▶ _Prompt_
Your answer must be an exact copy of the listing.

▶ _Dataset extract_

☆ ☆ ☆ ☆ ☆ ☆ ☆

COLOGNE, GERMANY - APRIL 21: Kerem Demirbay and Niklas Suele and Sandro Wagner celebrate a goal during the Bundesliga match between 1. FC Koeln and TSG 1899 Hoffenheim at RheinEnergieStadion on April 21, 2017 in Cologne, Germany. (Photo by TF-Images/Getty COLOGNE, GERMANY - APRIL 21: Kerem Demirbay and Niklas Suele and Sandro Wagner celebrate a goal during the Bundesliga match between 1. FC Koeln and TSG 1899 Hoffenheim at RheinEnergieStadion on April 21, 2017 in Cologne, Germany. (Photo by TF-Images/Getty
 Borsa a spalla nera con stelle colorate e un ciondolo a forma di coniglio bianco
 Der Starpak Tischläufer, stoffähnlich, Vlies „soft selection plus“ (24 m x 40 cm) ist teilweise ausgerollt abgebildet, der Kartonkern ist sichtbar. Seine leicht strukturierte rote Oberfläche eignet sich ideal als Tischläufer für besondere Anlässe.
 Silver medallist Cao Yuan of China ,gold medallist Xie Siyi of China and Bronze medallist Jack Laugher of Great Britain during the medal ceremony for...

☆ ☆ ☆ ☆ ☆ ☆ ☆

▶ _The answer_
COLOGNE, GERMANY - APRIL 21: Kerem Demirbay and Niklas Suele and Sandro Wagner celebrate a goal during the Bundesliga match between 1. FC Koeln and TSG 1899 Hoffenheim at RheinEnergieStadion on April 21, 2017 in Cologne, Germany. (Photo by TF-Images/Getty COLOGNE, GERMANY - APRIL 21: Kerem Demirbay and Niklas Suele and Sandro Wagner celebrate a goal during the Bundesliga match between 1. FC Koeln and TSG 1899 Hoffenheim at RheinEnergieStadion on April 21, 2017 in Cologne, Germany. (Photo by TF-Images/Getty
 Borsa a spalla nera con stelle colorate e un ciondolo a forma di coniglio bianco
 Der Starpak Tischläufer, stoffähnlich, Vlies „soft selection plus“ (24 m x 40 cm) ist teilweise ausgerollt abgebildet, der Kartonkern ist sichtbar. Seine leicht strukturierte rote Oberfläche eignet sich ideal als Tischläufer für besondere Anlässe.
 Silver medallist Cao Yuan of China ,gold medallist Xie Siyi of China and Bronze medallist Jack Laugher of Great Britain during the medal ceremony for...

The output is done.